28 Febbraio 2019 · 2 min

Qual è la situazione sul fronte del passaggio generazionale nell’industria della consulenza? Ne abbiamo parlato con Marco Deroma, presidente Efpa Italia

Qual è la situazione sul fronte del passaggio generazionale nell’industria della consulenza?

L’industria della consulenza sta vivendo un momento particolarmente complesso, perchè c’è un graduale innalzamento dell’età media e questo è riconosciuto da tutti come un problema. Che cosa può fare Efpa Italia? Ad esempio, cercare di incentivare lo sviluppo di programmi universitari che preparino in modo adeguato i giovani ad affrontare le sfide della nuova professione. Voglio richiamare l’iniziativa dell’università di Teramo che ha sviluppato il primo corso di laurea per consulenti finanziari, una triennale, al quale nei prossimi anni si preparerà un progetto di estensione anche alla laurea magistrale. Non basta però lavorare sul piano delle conoscenze. Gli intermediari ne sono consapevoli e porterà più rapidamente i giovani a raggiungere un breakeven. Naturalmente questo sta al di fuori del periodo di Efpa Italia.

Quale ruolo gioca l’educazione finanziaria in questo processo?

L’educazione finanziaria ha un ruolo fondamentale nell’orientamento dei giovani che si preparano alla professione.

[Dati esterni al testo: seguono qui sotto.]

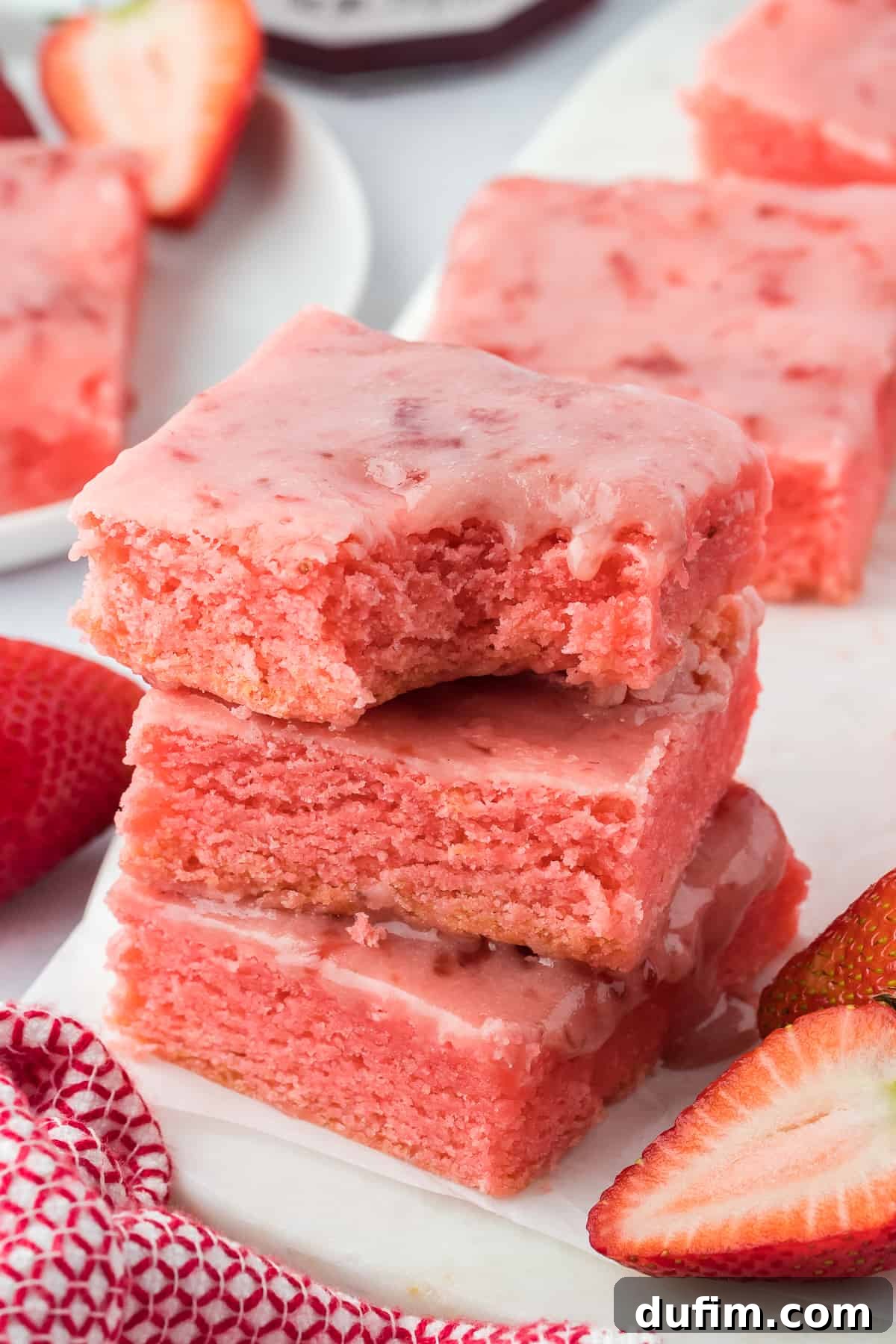 three strawberry brownies stacked with a bite out of the top brownie, a red and white kitchen towel beside them and fresh strawberries all around, and more brownies in the background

In particolare ricordo il programma “Economicamente” sviluppato da Anasf che ha proprio come target i giovani, orientando verso gli studi universitari questo permette di avere un numero più interessante di giovani che si orientano verso gli studi universitari indispensabili per affrontare in modo adeguato le sfide della professione del futuro.